Report each line of the entries that includes "Avenue" by copying it.

----------------------------------------

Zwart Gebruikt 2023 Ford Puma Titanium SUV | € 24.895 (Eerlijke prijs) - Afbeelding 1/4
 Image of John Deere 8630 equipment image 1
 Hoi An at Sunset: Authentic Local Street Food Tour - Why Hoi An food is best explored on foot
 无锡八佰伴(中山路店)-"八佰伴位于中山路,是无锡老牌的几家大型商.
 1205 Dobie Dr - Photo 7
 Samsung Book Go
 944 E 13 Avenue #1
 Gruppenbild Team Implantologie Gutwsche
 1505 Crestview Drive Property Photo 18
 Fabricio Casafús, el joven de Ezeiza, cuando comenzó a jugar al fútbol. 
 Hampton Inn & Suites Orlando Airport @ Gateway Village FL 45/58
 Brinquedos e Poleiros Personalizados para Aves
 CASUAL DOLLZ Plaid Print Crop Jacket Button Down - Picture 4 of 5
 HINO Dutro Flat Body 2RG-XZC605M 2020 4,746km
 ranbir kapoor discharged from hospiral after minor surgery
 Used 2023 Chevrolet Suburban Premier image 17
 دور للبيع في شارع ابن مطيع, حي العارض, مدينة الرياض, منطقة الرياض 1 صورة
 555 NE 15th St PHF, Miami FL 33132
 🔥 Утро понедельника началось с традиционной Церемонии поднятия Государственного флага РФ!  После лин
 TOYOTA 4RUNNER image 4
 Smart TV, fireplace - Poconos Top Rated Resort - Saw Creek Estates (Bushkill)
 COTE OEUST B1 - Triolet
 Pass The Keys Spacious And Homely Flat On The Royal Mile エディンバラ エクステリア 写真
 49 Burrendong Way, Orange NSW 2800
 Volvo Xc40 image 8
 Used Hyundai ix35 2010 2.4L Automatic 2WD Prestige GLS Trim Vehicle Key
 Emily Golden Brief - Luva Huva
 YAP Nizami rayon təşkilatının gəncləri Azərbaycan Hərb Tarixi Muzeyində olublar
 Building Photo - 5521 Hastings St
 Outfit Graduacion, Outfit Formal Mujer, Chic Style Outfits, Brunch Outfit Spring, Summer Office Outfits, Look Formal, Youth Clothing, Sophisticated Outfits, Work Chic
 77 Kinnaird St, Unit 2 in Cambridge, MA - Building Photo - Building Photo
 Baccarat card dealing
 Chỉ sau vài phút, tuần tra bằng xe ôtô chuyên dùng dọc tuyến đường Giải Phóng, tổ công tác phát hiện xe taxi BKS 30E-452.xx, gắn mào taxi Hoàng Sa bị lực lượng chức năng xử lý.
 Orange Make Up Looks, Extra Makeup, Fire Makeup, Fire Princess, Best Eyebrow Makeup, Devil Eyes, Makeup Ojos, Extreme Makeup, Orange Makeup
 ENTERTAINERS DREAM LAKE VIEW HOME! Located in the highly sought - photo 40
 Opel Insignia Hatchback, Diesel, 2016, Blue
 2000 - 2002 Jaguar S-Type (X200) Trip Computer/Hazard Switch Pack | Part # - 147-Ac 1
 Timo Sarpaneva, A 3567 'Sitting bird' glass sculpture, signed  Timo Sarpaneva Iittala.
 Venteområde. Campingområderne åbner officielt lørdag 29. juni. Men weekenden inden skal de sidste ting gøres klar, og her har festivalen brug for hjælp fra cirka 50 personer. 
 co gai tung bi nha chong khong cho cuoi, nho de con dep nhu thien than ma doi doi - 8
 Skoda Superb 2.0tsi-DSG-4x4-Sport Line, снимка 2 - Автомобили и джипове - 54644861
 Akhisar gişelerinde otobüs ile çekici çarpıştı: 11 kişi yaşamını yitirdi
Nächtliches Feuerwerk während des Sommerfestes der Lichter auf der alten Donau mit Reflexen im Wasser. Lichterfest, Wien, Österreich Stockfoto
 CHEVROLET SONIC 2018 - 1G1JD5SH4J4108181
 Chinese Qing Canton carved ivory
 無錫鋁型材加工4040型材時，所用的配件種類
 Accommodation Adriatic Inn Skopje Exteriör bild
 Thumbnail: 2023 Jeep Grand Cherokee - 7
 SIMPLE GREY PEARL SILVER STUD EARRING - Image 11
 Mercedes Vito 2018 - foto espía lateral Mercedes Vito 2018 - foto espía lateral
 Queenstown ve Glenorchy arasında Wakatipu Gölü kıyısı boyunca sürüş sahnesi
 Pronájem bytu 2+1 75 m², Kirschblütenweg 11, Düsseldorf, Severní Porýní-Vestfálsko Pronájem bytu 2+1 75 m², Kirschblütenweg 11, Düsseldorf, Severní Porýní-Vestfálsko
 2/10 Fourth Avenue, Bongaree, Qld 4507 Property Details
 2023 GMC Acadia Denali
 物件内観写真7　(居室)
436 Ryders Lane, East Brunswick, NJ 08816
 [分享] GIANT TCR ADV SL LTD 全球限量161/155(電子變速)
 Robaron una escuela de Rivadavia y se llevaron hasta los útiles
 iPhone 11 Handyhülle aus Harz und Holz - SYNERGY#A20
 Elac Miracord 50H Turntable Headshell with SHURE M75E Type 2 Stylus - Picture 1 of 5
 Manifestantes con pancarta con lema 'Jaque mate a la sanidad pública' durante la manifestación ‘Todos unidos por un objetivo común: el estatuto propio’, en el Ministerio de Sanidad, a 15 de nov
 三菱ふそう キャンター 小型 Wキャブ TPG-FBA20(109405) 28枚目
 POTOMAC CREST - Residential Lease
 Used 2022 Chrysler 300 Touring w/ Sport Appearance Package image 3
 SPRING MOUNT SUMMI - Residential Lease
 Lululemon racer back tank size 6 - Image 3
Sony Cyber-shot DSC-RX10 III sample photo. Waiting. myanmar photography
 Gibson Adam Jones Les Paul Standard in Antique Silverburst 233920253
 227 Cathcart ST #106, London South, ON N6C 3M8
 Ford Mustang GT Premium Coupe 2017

----------------------------------------

Answer section »
 944 E 13 Avenue #1
 2/10 Fourth Avenue, Bongaree, Qld 4507 Property Details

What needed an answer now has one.